The Rumpus Book Club chats with Martin Seay about his debut novel The Mirror Thief, the Great Work of alchemy, Venice, researching optical prosthetics, and keeping plot lines straight in a 600-page novel.
This is an edited transcript of the book club discussion. Every month The Rumpus Book Club hosts a discussion online with the book club members and the author, and we post an edited version online as an interview. To become a member of the Rumpus Book Club, click here.
This Rumpus Book Club interview was edited by Brian Spears.
***
Brian S: The end notes say it took you thirteen years to write and then get this book published. How did you keep going all that time and not give up on it?
Martin Seay: Well, it never really SEEMED overwhelming. So far as the writing went, I tend to compare it to rock climbing (which I don’t actually know much about): you’re not climbing a mountain, you’re moving from handhold to handhold, one at a time. I had a plan and I stuck to it. Regarding getting it published… this is maybe corny, but I just felt like it was a good book, and that patience would be rewarded. When I first started sending it around in 2007-2008, not much of anything was happening in publishing. So I just waited it out, to a great extent. I mean, it was 700 manuscript pages by a first-time novelist, y’know?
Ann: You’ve titled your sections with what seems to be the recipe for making glass. At what point in the writing did this structure appear for you? Was it a guiding outline or something that came later?
Martin Seay: That’s a very good guess, Ann! But the chapter titles are actually the stages (according to somebody) of the Great Work of alchemy: the process that creates the Philosopher’s Stone. While alchemy isn’t all over the book as a subject, it seemed like a pretty decent metaphor for many of the main character’s attempts to make sense of the world and their places in it. So far as the structure goes, meaning the three-Venice structure, I had that first, before I had a plot or characters, before I had written a word. I wish I had though to use the glassmaking process as my section titles, but I don’t think there are enough stages.
Brian S: How much research went into this? There were points where it reminded me of Eco in Foucault’s Pendulum mixed with Calvino’s Invisible Cities, but with gambling, if that makes any sense.
Martin Seay: That makes sense! I should rush to admit that I’ve never read Eco’s fiction… although (this is going to sound bad) I’ll cop to being influenced by what I think his fiction is like. So far as research goes I did a ton of it. I couldn’t visit any of the three settings while I was writing the book (although I had been to Venice—the original—and Las Vegas; I don’t think I’d ever been to Venice, CA) so it was all book-learning: a lot of digging for details that would really evoke the times and places, a lot of reading just to not get things wrong, and a lot of just letting stuff sit and trying to imaginatively inhabit it.
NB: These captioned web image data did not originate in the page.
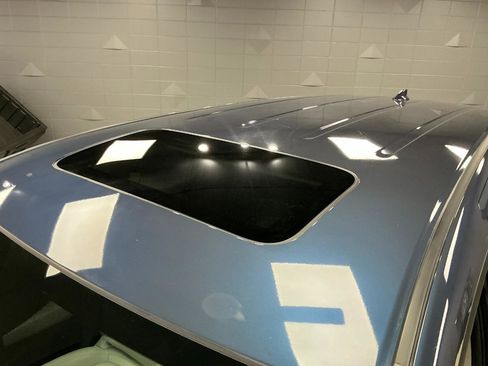 Used 2025 Honda Odyssey EX-L image 2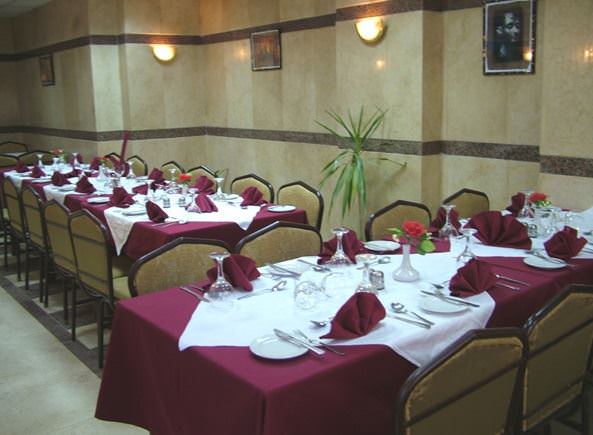 Imagen del bar/restaurante del Hotel Orchida St. George. Foto 2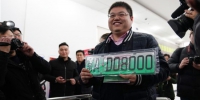 （社会）（1）北京启用新式新能源车号牌 - 人民网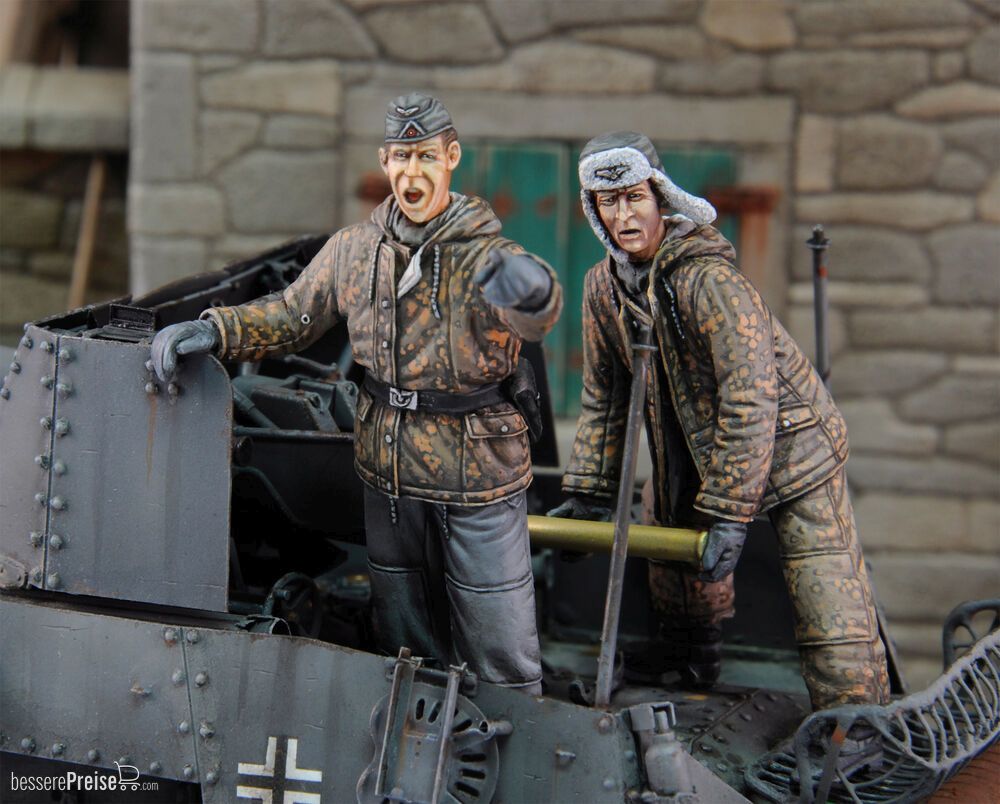 Royal Model RM675 - German tankers in winter dress loading ammo-2 fig.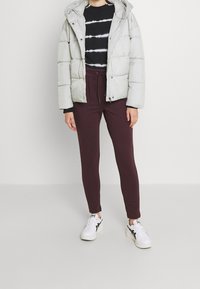 ONLY Träningsbyxor - bordeaux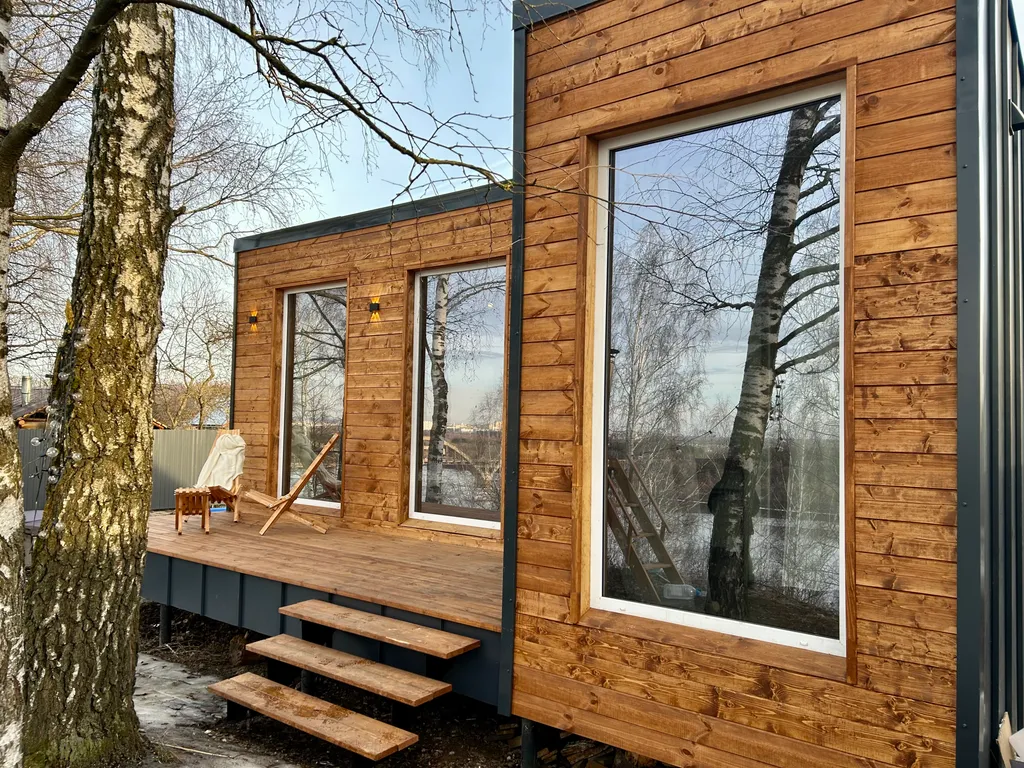 Дом с чаном на берегу реки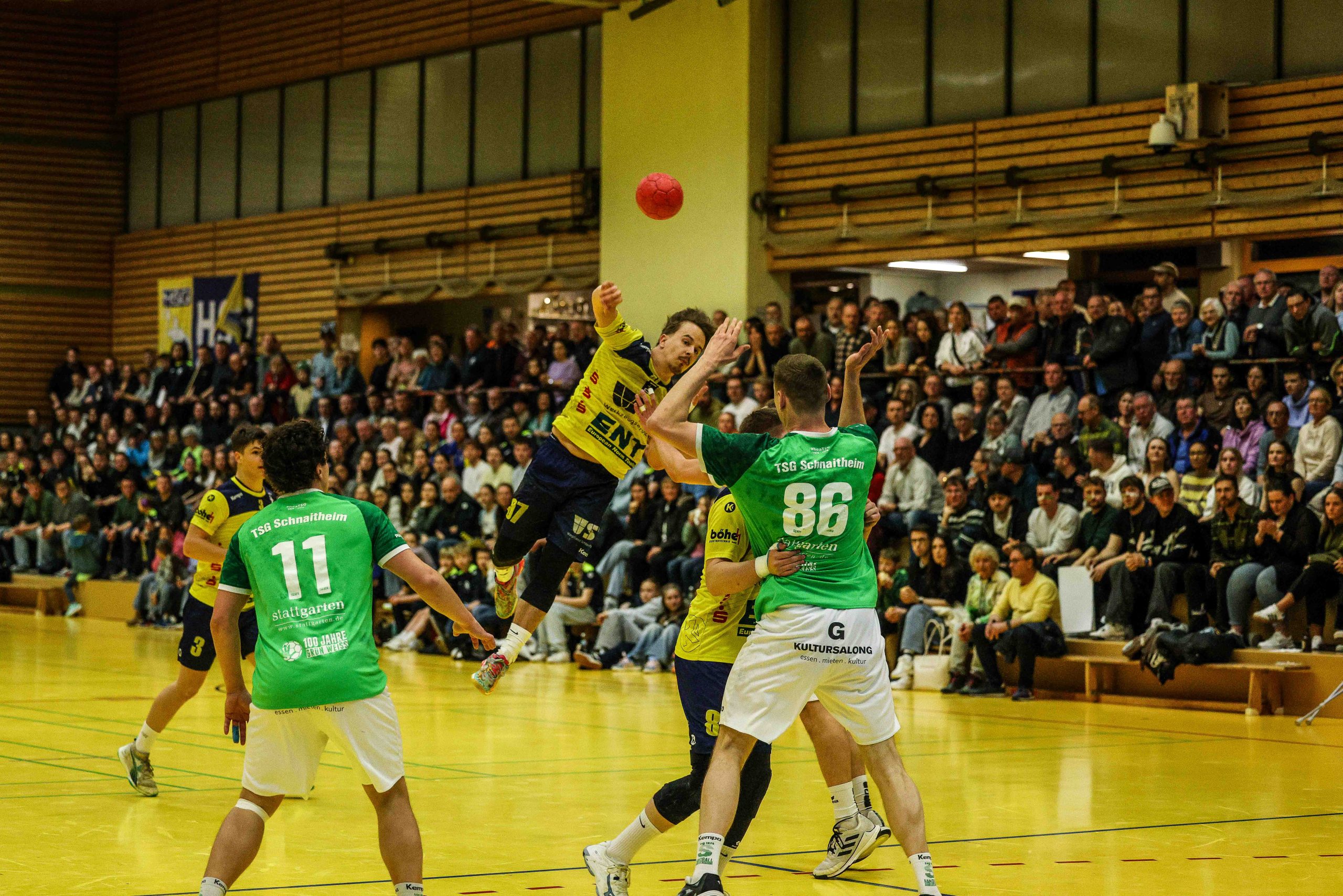 Es geht wieder los: Die HSG Oberkochen/Königsbronn (gelbe Trikots) empfängt die TSG Schnaitheim.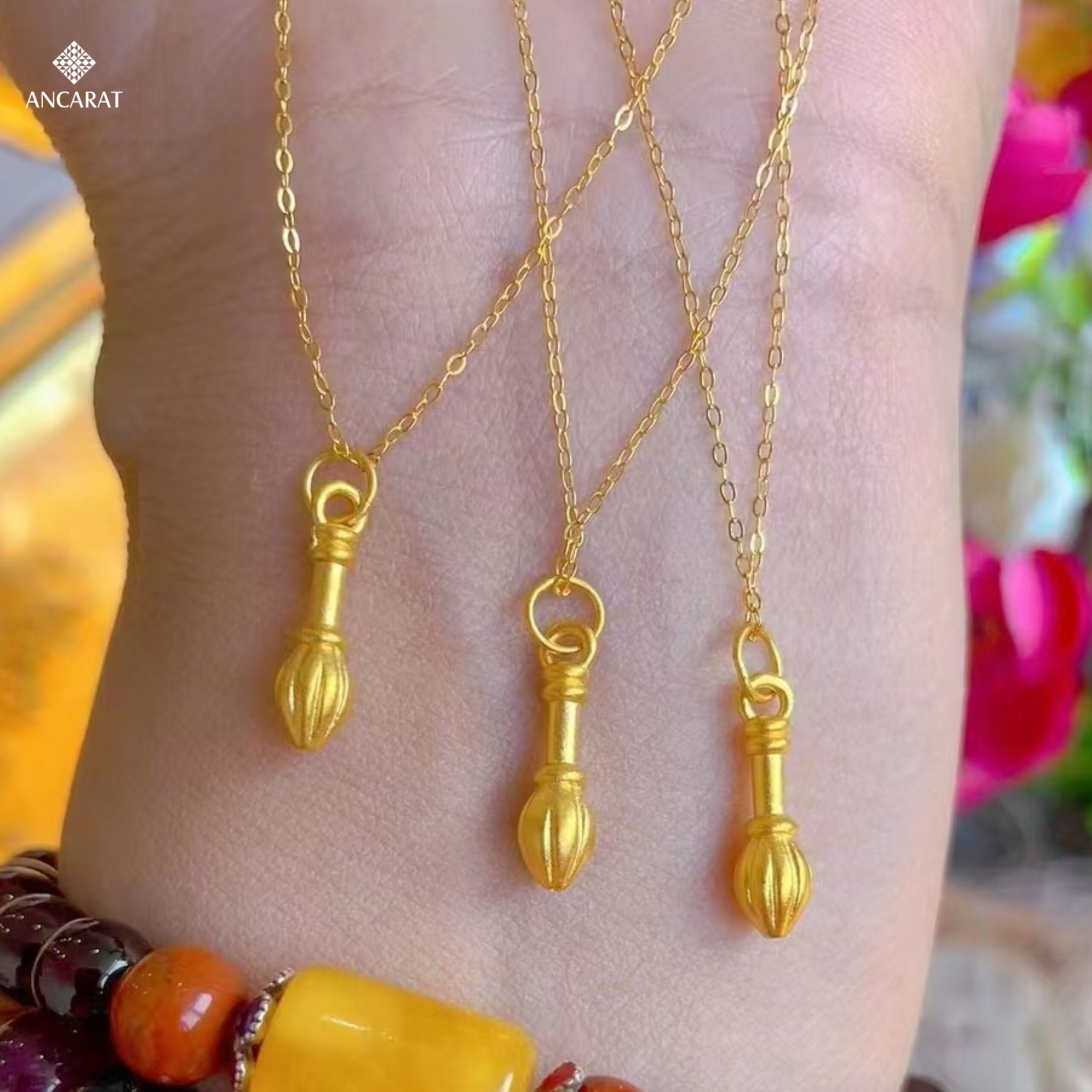 Bút Văn Xương là gì? Khám phá ý nghĩa của bút văn xương trong phong thủy, vật phẩm giúp kích hoạt may mắn cho thi cử, học vấn và sự nghiệp.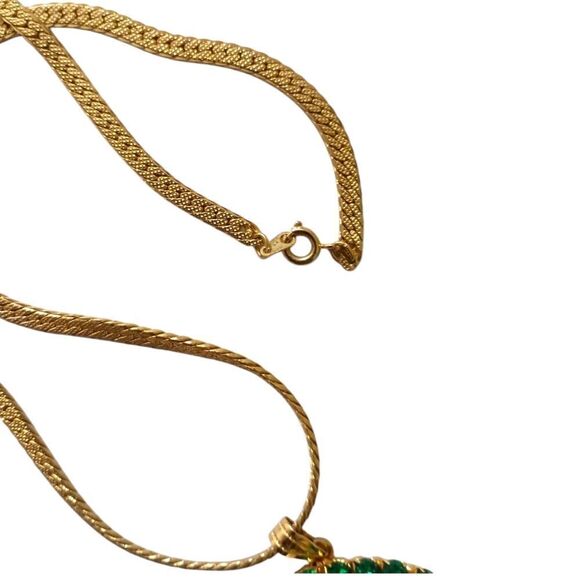 Green Rhinestone Encrusted Necklace Disc Pendant Circle Emerald Gold Tone Vtg - Picture 4 of 16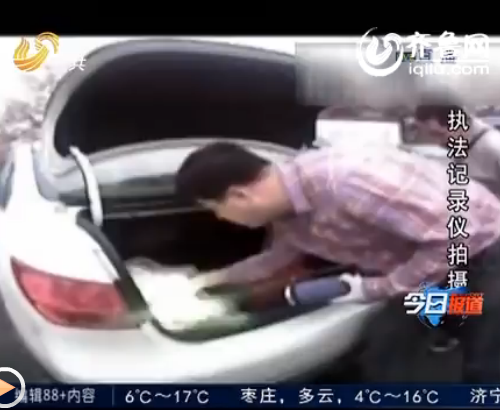 在车的后背箱里,警方缴获了高纯度冰毒998克,一共25包(视频截图)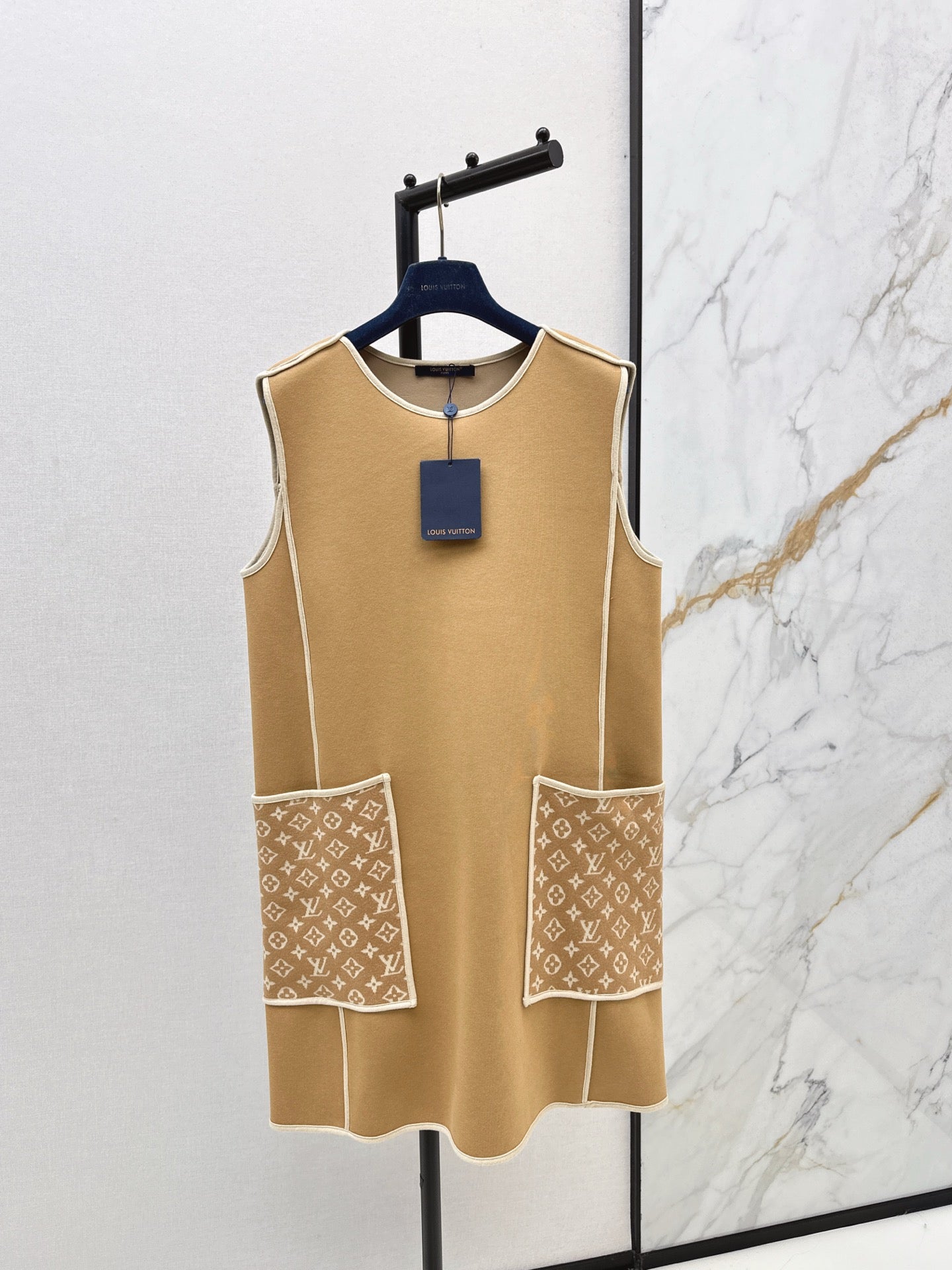 Loui* 25fw vest dress
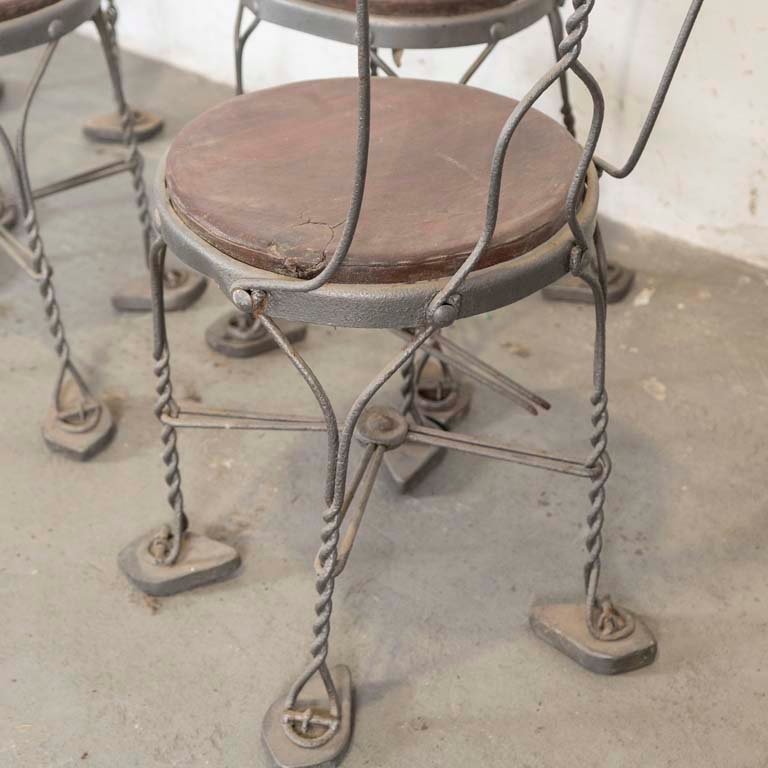 Item 2102042 - Image 2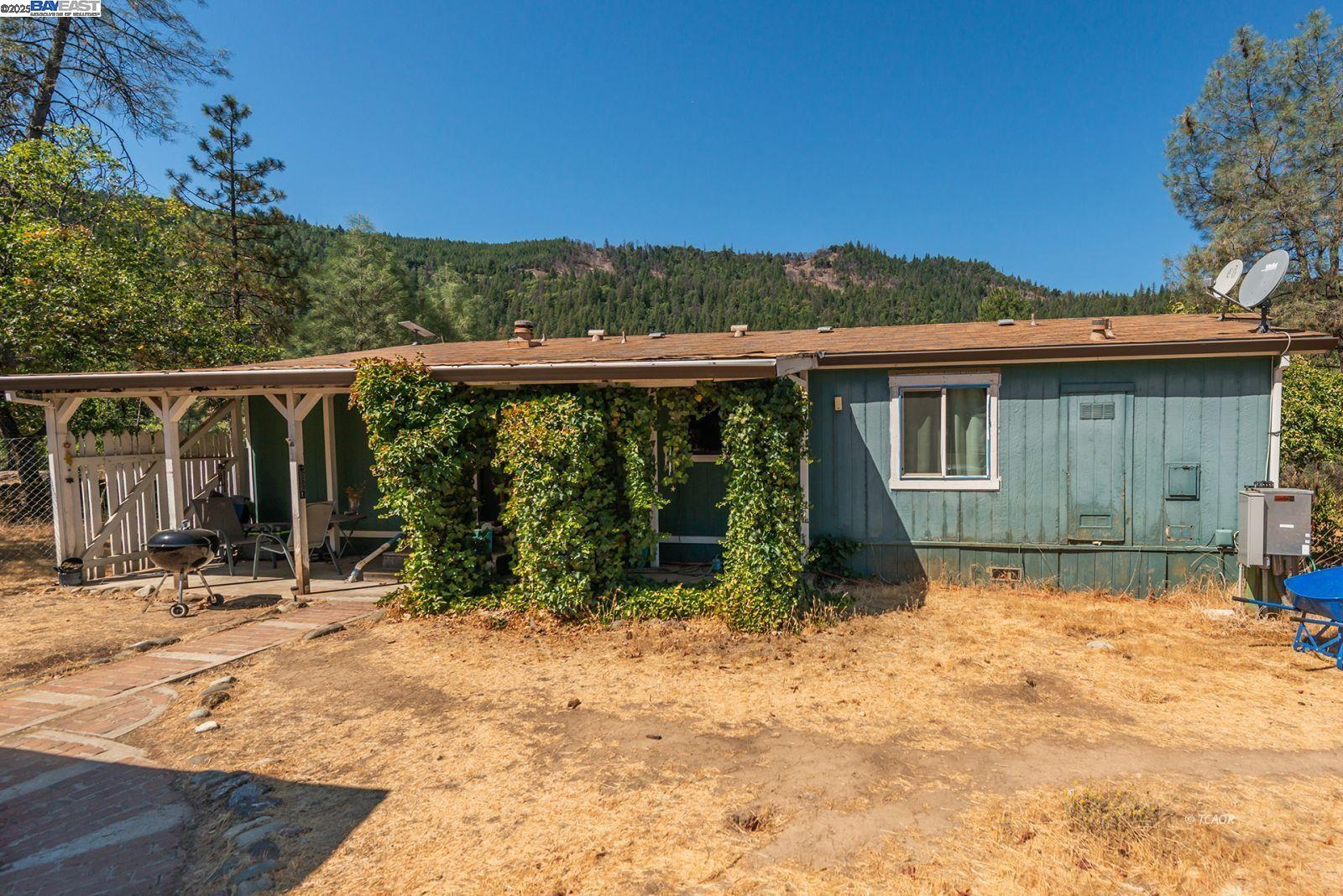 30661 State Hwy 3, Douglas City CA 96024 — photo 2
Brian S: I love Eco, and Foucault’s Pendulum is a DEEP dive into the occult/conspiracy theory world. I’ve told students in the past that FP is what Dan Brown wanted to write but he wasn’t good enough to pull it off.
Martin Seay: That is exactly what I HOPED Eco is like! Yay!
Ann: Can we talk Crivano? I got so caught up in his progress (and sometimes lack of progress) through Venice that I jumbled my backstory for him. **spoiler alert** What does it mean that he is the Lark? What does that mean re: Perina’s brother?
Perhaps I need to get into one of the first Mirror Thief forums to discuss it as if it were a Game of Thrones episode.
Brian S: Wait—there are forums? Look, I have kids. I can’t get caught up in forums. 🙂
Ann: There should be. This book warrants discussion.
Martin Seay: Ah, it’s so liberating to be able to talk about this! Thanks, Ann! In plot terms, the main character of the 1592 sections is someone born Gabriele Glissenti, to a noble Venetian family in Cyprus; his best pal growing up is a guy named Vettor Crivano: a non-noble citizen of the republic. In the Battle of Lepanto, the real Crivano gets blown up by a cannonball, and Gabriele assumes his identity. The original Crivano was nicknamed the Lark, and was a pretty great guy. Our Crivano, not so much. HUGE SPOILER, right there.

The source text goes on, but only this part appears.